Alexandra Schlag "kostet" daneben die Ästhetik des Todes aus. Da gibt
es den einzelnen, tragischen Tod, der in Gestalt einer Katze auf der
Straße liegt, und dann das Massengrab, wo es schon sehr abstrakt wird.
Klebrige Fliegenfänger winden sich tadellos-abstrakt auf den Fotos.
Besonders eindringlich: der exotische Tod. Im Depot des Naturhistorischen
Museums hängen dicht gedrängt etikettierte ausländische Tierhäute.
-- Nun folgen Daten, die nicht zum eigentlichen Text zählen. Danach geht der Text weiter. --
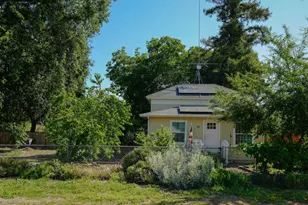 80 2nd St, Grimes, CA 95950 - Photo 1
Löwenrudel und Zebraherden "von der Stange". Eine nicht nur für
Fleischfresser empfehlenswerte Schau. Wenn Jackson Pollock einmal
seinen Pinsel verlegt und nur ein Schmirgelpapier gefunden hätte, hätte er
sich möglicherweise ähnlich betätigt wie Shawn Wallis (bis 20. April in
der Galerie Lindner, Schmalzhofgasse 13), obwohl Pollock die Kratzer wohl
zu unaufdringlich gewesen wären. Und wenn eine Sachertorte einen
quadratischen Grundriss hätte, käme sie in etwa auf die Proportionen
dieser hingebungsvoll zerkratzten Boxen. Einer "Gipsglasur" auf Leinwand
wird hier mit Sandpapier Farbe "hineingescheuert". Meist prallen zwei
Rot-Töne scharf aufeinander, das Rot selbst ist freilich subjektiv und
weich verschwimmend. Und immer wieder kommt es zu einem mystischen
Leuchten. Eine höchst sinnliche Erfahrung, die sich nicht zuletzt der
handwerklichen Geduld und einer originellen Technik verdankt. Markus
Miksch (bis 30. März in der Galerie Artefakt, Strauchgasse 2) ist so etwas
wie ein "gebürtiger Bildhauer". Selbst wenn er malt, bildhauert er und
wird "handgreiflich". Herzhaft ironisch und fast schon programmatisch: Aus
einem Tafelbild, das ja kaum noch das traditionelle Fenster zum
Illusionsraum ist, schneidet er ein leibhaftiges Fenster heraus, um es
gleich wieder mit einem Bild zuzustopfen. Als Bildhauer fordert er
gern die Schwerkraft heraus. Wenn sich die Erdanziehungskraft nur genug
anstrengt, schafft sie es vielleicht, seinen verschachtelten Granitblock,
der die poetisch schicksalhafte Neigung des Schiefen Turmes von Pisa hat,
in 100.000 Jahren umzukippen. Sein Bravourstückerl: Der raffiniert in sich
gedrehte Stein, der oben in einer scharfen Schneide ausläuft, die so dünn
ist, dass sie beim Anklopfen sogar klingt.